So essentially I would like some mechanism where food resources can spread around the map. An example might be
1) Through exploration you find an Egyptian city Memphis that has a with a source of Wheat. Your Civ does not have any sources
2) You send a trade from your city Athens to the city of Memphis. This route gives Athens +1 food
3) For each turn that the trade route is active, there is a 2% (for example) chance that a farmed worked flat plains tile belonging to Athens will spawn wheat.
4) Wheat spawns in Athens. The trade route to Memphis no longer yields +1 food for Athens. Instead, each city in your empire gains +1 food. No extra food for duplicates.
The above example would need to include some mechanism for restricting harvesting resources.

Thoughts ? The example above would be a Civ 7 feature as tile yields would need to be reworked completely.
 
I tend to think that instead of the resource being there for transplantable resources like wheat, rice, horses, etc. is that those tiles are exceptional areas for farming/ranching that particular resource. So like the Palouse in the real world is an exceptional area for wheat due to the massive amount volcanic top soil it has.
 
I tend to think that instead of the resource being there for transplantable resources like wheat, rice, horses, etc. is that those tiles are exceptional areas for farming/ranching that particular resource. So like the Palouse in the real world is an exceptional area for wheat due to the massive amount volcanic top soil it has.

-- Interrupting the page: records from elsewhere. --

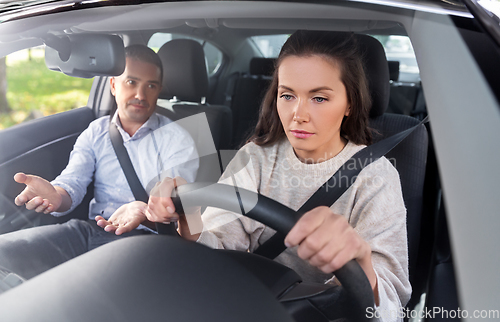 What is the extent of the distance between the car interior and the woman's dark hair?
0.12ft

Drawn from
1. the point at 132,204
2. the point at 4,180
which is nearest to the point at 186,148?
the point at 132,204

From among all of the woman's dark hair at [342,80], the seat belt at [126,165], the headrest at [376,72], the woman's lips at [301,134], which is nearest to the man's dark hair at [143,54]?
the seat belt at [126,165]

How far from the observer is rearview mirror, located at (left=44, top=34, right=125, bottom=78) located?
913 mm

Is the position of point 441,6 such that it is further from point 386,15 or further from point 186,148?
point 186,148

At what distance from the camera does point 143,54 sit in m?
1.16

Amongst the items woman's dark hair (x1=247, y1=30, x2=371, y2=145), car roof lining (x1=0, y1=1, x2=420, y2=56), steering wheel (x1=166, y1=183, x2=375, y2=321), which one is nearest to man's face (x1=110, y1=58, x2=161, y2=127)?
car roof lining (x1=0, y1=1, x2=420, y2=56)

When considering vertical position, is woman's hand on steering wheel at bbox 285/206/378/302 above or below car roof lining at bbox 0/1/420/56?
below

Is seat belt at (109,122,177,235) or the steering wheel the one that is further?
seat belt at (109,122,177,235)

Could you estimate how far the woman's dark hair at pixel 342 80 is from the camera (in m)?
0.86

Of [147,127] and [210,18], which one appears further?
[147,127]

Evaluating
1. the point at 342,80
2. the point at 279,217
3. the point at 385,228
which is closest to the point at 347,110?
the point at 342,80

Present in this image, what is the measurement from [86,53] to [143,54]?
0.25 metres

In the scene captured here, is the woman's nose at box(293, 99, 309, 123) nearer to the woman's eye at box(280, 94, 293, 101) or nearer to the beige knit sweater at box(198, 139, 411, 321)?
the woman's eye at box(280, 94, 293, 101)

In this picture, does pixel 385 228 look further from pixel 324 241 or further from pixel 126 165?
pixel 126 165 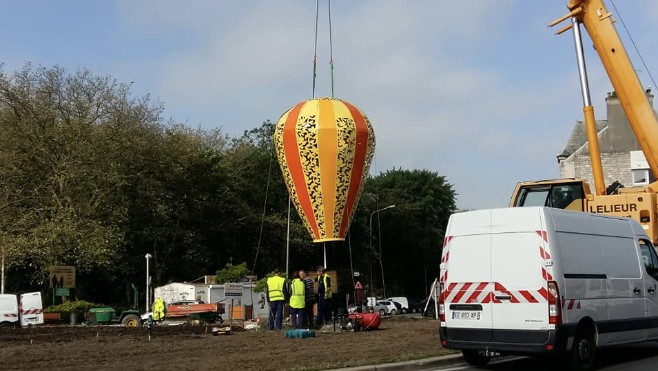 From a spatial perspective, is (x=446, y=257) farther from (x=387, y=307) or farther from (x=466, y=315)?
(x=387, y=307)

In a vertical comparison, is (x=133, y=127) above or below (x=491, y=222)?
above

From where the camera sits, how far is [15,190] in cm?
3972

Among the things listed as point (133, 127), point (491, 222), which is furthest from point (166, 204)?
point (491, 222)

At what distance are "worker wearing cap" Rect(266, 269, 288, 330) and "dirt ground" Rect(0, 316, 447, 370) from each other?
161cm

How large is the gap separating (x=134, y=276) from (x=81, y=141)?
12.5 meters

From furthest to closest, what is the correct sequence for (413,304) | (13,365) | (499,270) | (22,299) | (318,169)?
(413,304), (22,299), (318,169), (13,365), (499,270)

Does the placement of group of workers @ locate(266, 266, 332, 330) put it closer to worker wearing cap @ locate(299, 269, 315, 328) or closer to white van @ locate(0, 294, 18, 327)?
worker wearing cap @ locate(299, 269, 315, 328)

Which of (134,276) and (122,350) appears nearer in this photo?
(122,350)

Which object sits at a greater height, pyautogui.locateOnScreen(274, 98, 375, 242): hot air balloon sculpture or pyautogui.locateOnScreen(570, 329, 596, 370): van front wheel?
pyautogui.locateOnScreen(274, 98, 375, 242): hot air balloon sculpture

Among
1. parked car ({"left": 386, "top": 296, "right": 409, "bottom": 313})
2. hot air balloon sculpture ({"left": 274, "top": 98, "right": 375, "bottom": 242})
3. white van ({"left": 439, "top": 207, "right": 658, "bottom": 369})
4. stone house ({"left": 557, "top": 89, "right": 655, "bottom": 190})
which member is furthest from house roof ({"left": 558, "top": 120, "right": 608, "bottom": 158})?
white van ({"left": 439, "top": 207, "right": 658, "bottom": 369})

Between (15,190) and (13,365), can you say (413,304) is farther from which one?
(13,365)

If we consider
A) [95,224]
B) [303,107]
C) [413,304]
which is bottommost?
[413,304]

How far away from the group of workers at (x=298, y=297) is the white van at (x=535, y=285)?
27.0ft

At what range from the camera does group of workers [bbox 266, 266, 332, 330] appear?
818 inches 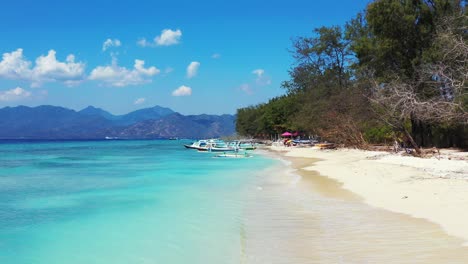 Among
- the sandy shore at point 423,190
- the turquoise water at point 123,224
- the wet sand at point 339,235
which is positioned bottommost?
the turquoise water at point 123,224

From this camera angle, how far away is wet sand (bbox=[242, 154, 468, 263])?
20.4 feet

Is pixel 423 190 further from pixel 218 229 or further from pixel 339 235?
pixel 218 229

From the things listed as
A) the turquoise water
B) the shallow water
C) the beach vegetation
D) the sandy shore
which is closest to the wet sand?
the shallow water

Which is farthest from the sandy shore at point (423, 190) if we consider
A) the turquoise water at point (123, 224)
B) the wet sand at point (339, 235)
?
the turquoise water at point (123, 224)

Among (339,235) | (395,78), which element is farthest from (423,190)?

Yes, it's because of volcanic soil, but there's none in Civ. You have to admit that, as long as we meet the conditions, we can grow bananas in a variety of locations on earth, and make it Industries, even if not the original country of the plant. And, wheat gives more in Egypt for example because of flood plains, however not every wheat tile in Civ is on flood plains... This is definitely somethinig to consider when designing a new Civ game : the reproductability of some resources. Overexploitation, depleting, new techniques of finding them included.

Personnally, I always wanted several levels of exploitation intensity : careful (preserve), a little like chop vs. lumbermills for forests, but with food and farms, or "scourge mode". In the same way migrations should be made more easy, like you don't have to grow a city from scratch to do so, but can "borrow" (conquer) cities or locations to your neighbours (earth is "fully populated" from the start), and grow them with population you bring yourself from another location.

Also I don't think being able to reproduce infinite wheat for example, could lead to exploits : not only you can make wheat a basic farm outputs, or potatoes, or corn, or rice, etc. but there exists in Civ5 at least a lot of "crappy" locations that you don't want to colonize, because there's nothing there.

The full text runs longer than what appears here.